• _Instructions to follow_: Your copy should match the listing word for word, apart from the pictures, which are left out.

• _Supplied entries_:
══════════

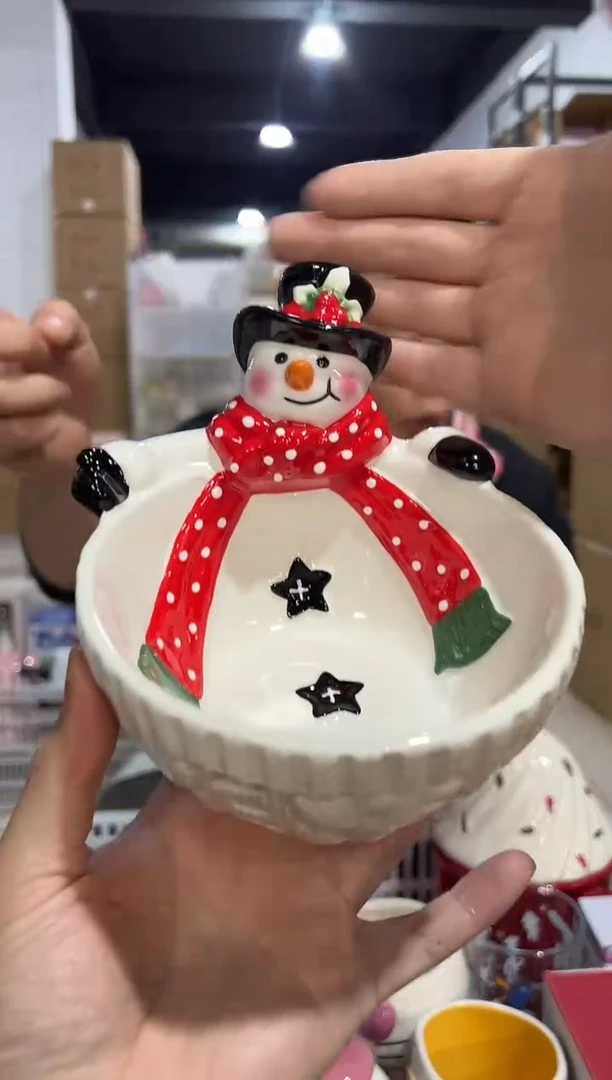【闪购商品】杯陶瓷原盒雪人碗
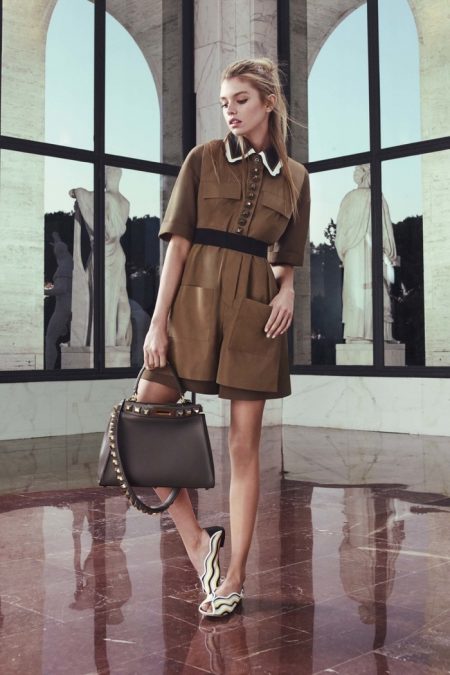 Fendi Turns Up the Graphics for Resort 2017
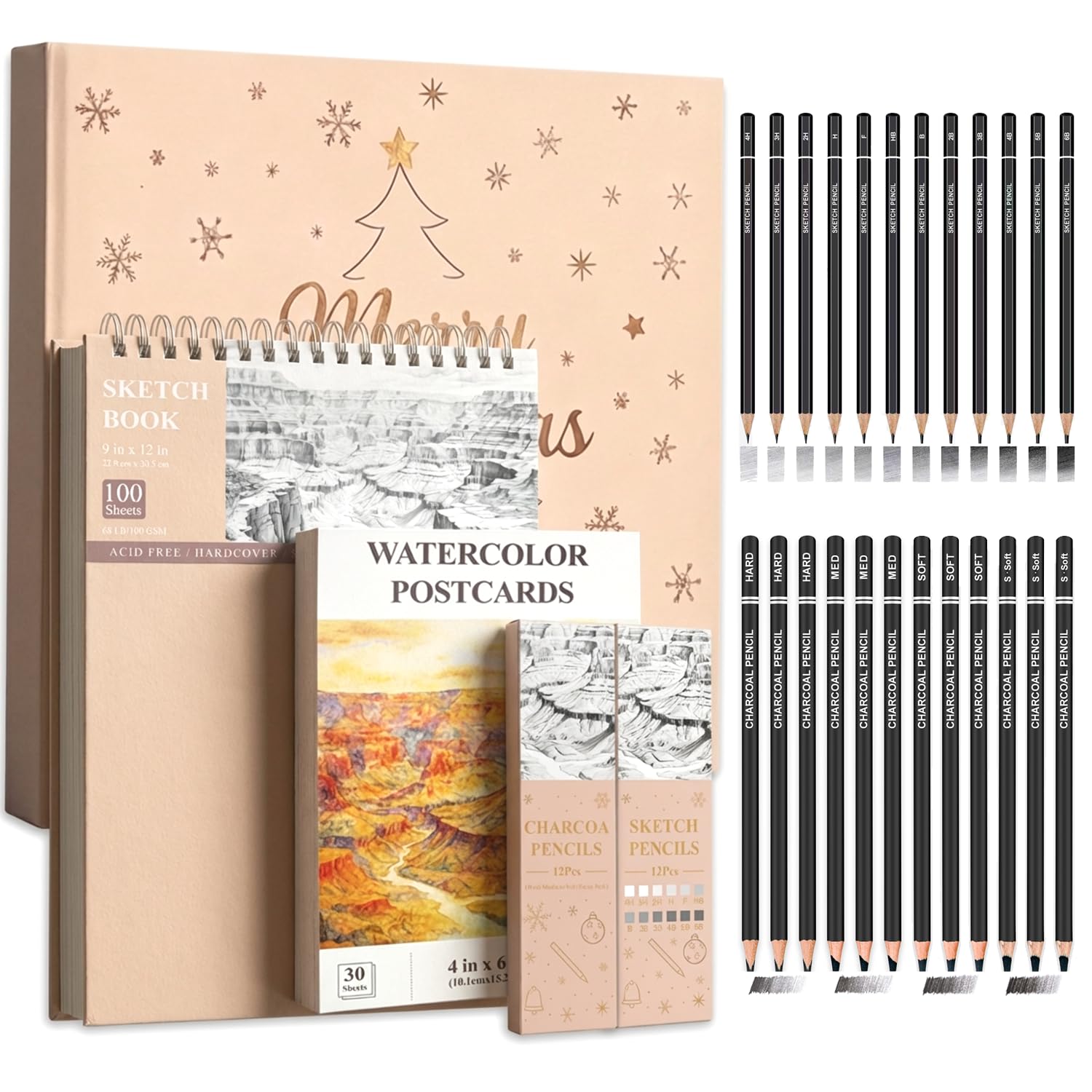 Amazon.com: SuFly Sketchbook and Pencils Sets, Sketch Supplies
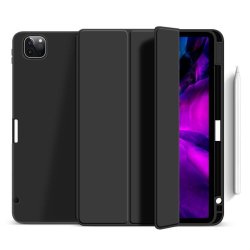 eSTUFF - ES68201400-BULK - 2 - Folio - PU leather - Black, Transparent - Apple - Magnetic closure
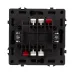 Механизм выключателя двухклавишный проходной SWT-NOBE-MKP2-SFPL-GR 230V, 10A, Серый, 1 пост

══════════

• _Answer space_:
【闪购商品】杯陶瓷原盒雪人碗
 Fendi Turns Up the Graphics for Resort 2017
 Amazon.com: SuFly Sketchbook and Pencils Sets, Sketch Supplies
 eSTUFF - ES68201400-BULK - 2 - Folio - PU leather - Black, Transparent - Apple - Magnetic closure
 Механизм выключателя двухклавишный проходной SWT-NOBE-MKP2-SFPL-GR 230V, 10A, Серый, 1 пост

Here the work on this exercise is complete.